CHAPTER TEN

We avoided the unnecessarily ostentatious route of Holmes’ bedroom window and instead left Baker Street by the front door. I could tell he was far from content about it, but I made it clear that I had no intention of breaking my legs before we’d even begun. From there it was a long walk to the river. Holmes insisted that one didn’t go to all the effort of disguising oneself only to then alight from a taxi-cab at one’s destination. I could see his logic but felt we could have at least travelled in comfort halfway there. But then, Holmes was not a man to do things by halves.

He also liked to walk through the city, to remind himself of the beating heart of it; of the twists of its streets and back alleys; the little dramas that played out on each corner. Holmes was not always the most empathetic of men, but it was a failing he was aware of and it was during moments like this that he did his best to compensate. He noted everything about people, not just the usual analysis—reading their personality and environment from traces on their person—but also how they interacted with each other. That was where the real mysteries lay, something he knew only too well. “If only the rest of the world was as logical as me,” he once said, “I could solve any crime in a matter of moments. It would be a matter of arithmetic, the inarguable sum of its composite parts. But, no—nothing muddies the waters as much as the human mind.” Everybody was different and that, for a detective, is where the hard work comes in.

We couldn’t have asked for more variety during that walk. We began in the rarefied air of Mayfair, where the gentlemen experienced fresh air only in brief snatches, moving between the velvet-lined wombs of their carriages and the smoky interiors of their clubs. When Holmes had talked of looking as if we belonged he had not expected us to succeed in that aim here; in fact, we were looked upon with nothing less than open hostility by a number of the doormen and the few passers-by who deigned to waste shoe-leather.

“Move along there,” cried one old soldier, stitched up in his serge and braid, swapping the uniform of a foreign field for that of the Mummerset Club, where he could live out his years still tugging a forelock to the ranks above him. “We don’t like your sort around here.”

The fact that, as an ex-serviceman of sufficient rank, I was perfectly entitled to step through the club’s doors was something I chose not to mention. He would never believe me. In fact I had more right to step into its bar than he; with my service record I would have a brandy in my hand within moments whereas he would be out on his ear as an upstart pushing beyond his station in life. What ridiculous games we play and how little it all means in the end! Holmes gave him a theatrical salute and moved along the pavement, chuckling in a decidedly drunken manner. So much for not drawing attention to yourself, I thought, as we crossed into the theatre district. Here at least we could claim to belong, two strolling players heading towards their chosen stage.

It was the time of evening when many of the performances were ejecting their audiences back out into the world and the streets were busy with happy patrons and those who took advantage of the fact. We were far from being the only people on the street who seemed a long way from home. The crowds were studded with down-at-heel, grimy faces either calling on the generosity of the passers-by or simply helping themselves from unguarded pockets. As we moved past a small group of toughs, loitering by the Adelphi, I became conscious of allowing my hands to loiter near my coat pockets, ready to snatch at any intruding fingers. It took me a moment to realise that, looking as I did, I was hardly likely to present much of a target. As far as these street Arabs were concerned I was one of them, not a potential victim. It was a strange feeling, to be so removed from one’s usual sense of self.

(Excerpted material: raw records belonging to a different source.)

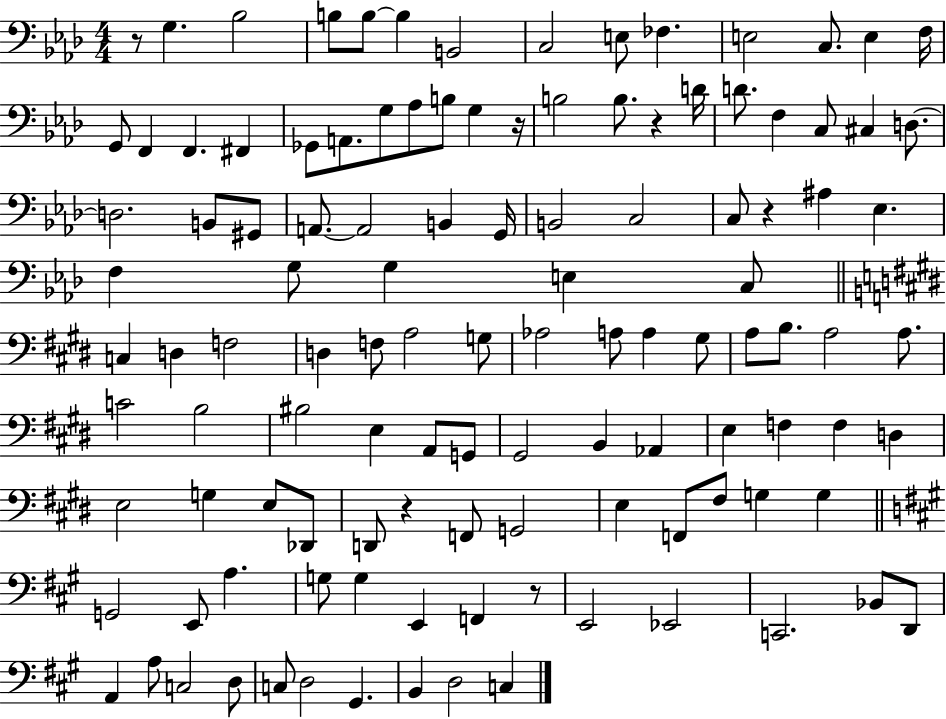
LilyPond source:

{
  \clef bass
  \numericTimeSignature
  \time 4/4
  \key aes \major
  r8 g4. bes2 | b8 b8~~ b4 b,2 | c2 e8 fes4. | e2 c8. e4 f16 | \break g,8 f,4 f,4. fis,4 | ges,8 a,8. g8 aes8 b8 g4 r16 | b2 b8. r4 d'16 | d'8. f4 c8 cis4 d8.~~ | \break d2. b,8 gis,8 | a,8.~~ a,2 b,4 g,16 | b,2 c2 | c8 r4 ais4 ees4. | \break f4 g8 g4 e4 c8 | \bar "||" \break \key e \major c4 d4 f2 | d4 f8 a2 g8 | aes2 a8 a4 gis8 | a8 b8. a2 a8. | \break c'2 b2 | bis2 e4 a,8 g,8 | gis,2 b,4 aes,4 | e4 f4 f4 d4 | \break e2 g4 e8 des,8 | d,8 r4 f,8 g,2 | e4 f,8 fis8 g4 g4 | \bar "||" \break \key a \major g,2 e,8 a4. | g8 g4 e,4 f,4 r8 | e,2 ees,2 | c,2. bes,8 d,8 | \break a,4 a8 c2 d8 | c8 d2 gis,4. | b,4 d2 c4 | \bar "|."
}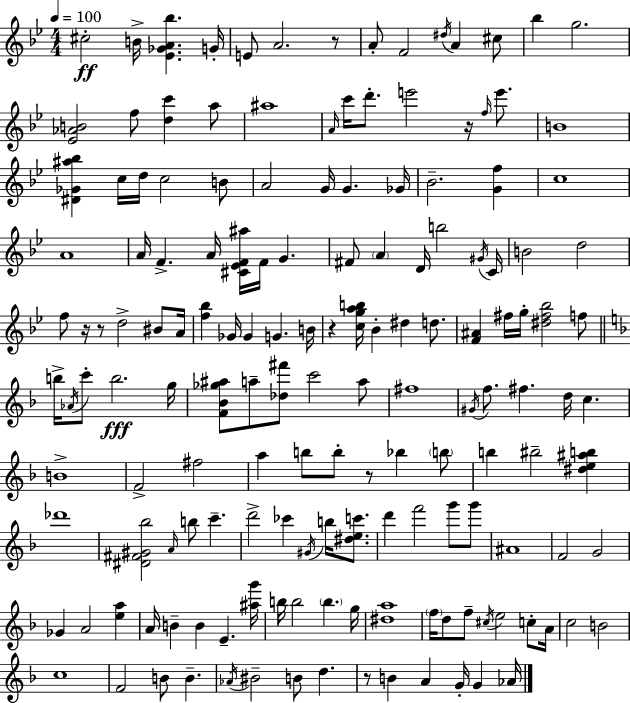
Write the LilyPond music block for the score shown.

{
  \clef treble
  \numericTimeSignature
  \time 4/4
  \key g \minor
  \tempo 4 = 100
  cis''2-.\ff b'16-> <ees' ges' a' bes''>4. g'16-. | e'8 a'2. r8 | a'8-. f'2 \acciaccatura { dis''16 } a'4 cis''8 | bes''4 g''2. | \break <ees' aes' b'>2 f''8 <d'' c'''>4 a''8 | ais''1 | \grace { a'16 } c'''16 d'''8.-. e'''2 r16 \grace { f''16 } | e'''8. b'1 | \break <dis' ges' ais'' bes''>4 c''16 d''16 c''2 | b'8 a'2 g'16 g'4. | ges'16 bes'2.-- <g' f''>4 | c''1 | \break a'1 | a'16 f'4.-> a'16 <cis' ees' f' ais''>16 f'16 g'4. | fis'8 \parenthesize a'4 d'16 b''2 | \acciaccatura { gis'16 } c'16 b'2 d''2 | \break f''8 r16 r8 d''2-> | bis'8 a'16 <f'' bes''>4 ges'16 ges'4 g'4. | b'16 r4 <c'' g'' a'' b''>16 bes'4-. dis''4 | d''8. <f' ais'>4 fis''16 g''16-. <dis'' fis'' bes''>2 | \break f''8 \bar "||" \break \key f \major b''16-> \acciaccatura { aes'16 } c'''8-. b''2.\fff | g''16 <f' bes' ges'' ais''>8 a''8-- <des'' fis'''>8 c'''2 a''8 | fis''1 | \acciaccatura { gis'16 } f''8. fis''4. d''16 c''4. | \break b'1-> | f'2-> fis''2 | a''4 b''8 b''8-. r8 bes''4 | \parenthesize b''8 b''4 bis''2-- <dis'' e'' ais'' b''>4 | \break des'''1 | <dis' fis' gis' bes''>2 \grace { a'16 } b''8 c'''4.-- | d'''2-> ces'''4 \acciaccatura { gis'16 } | b''16 <dis'' e'' c'''>8. d'''4 f'''2 | \break g'''8 g'''8 ais'1 | f'2 g'2 | ges'4 a'2 | <e'' a''>4 a'16 b'4-- b'4 e'4.-- | \break <ais'' g'''>16 b''16 b''2 \parenthesize b''4. | g''16 <dis'' a''>1 | \parenthesize f''16 d''8 f''8-- \acciaccatura { cis''16 } e''2 | c''8-. a'16 c''2 b'2 | \break c''1 | f'2 b'8 b'4.-- | \acciaccatura { aes'16 } bis'2-- b'8 | d''4. r8 b'4 a'4 | \break g'16-. g'4 aes'16 \bar "|."
}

From The Strand it was only a short walk to the river and the next available steamboat.

Pressed hard against the rail, I looked out at our smoky city as we made our way along the Thames. It seemed that no matter how long I lived here, I would never stop finding a different angle from which to view it. It was a city of so many faces, and it showed a different one to each and every one of its citizens. To the gentry it was an austere collection of ancient architecture; to the clerk a place of commerce and bustle; to the lower classes it was a dark and unforgiving mother, a place of soot and death that nonetheless gathered its shadowy skirts around the poor and disenfranchised if they begged hard enough.

Now it was a coastal city, an island of noise and light just out of reach across the choppy waters of the river that had always kept it alive.

“She’s a dark and ruinous place,” I said, unaware I had spoken aloud until Holmes fixed me with a curious stare.

After a moment he nodded. “On my low days, when it seems that nothing will rise from above the commonplace to engage my attention, I remember where it is we live.” He watched the towering factories pass us by. “In this city you are never far away from the extraordinary.” He thought for a moment. “Or the terrifying.”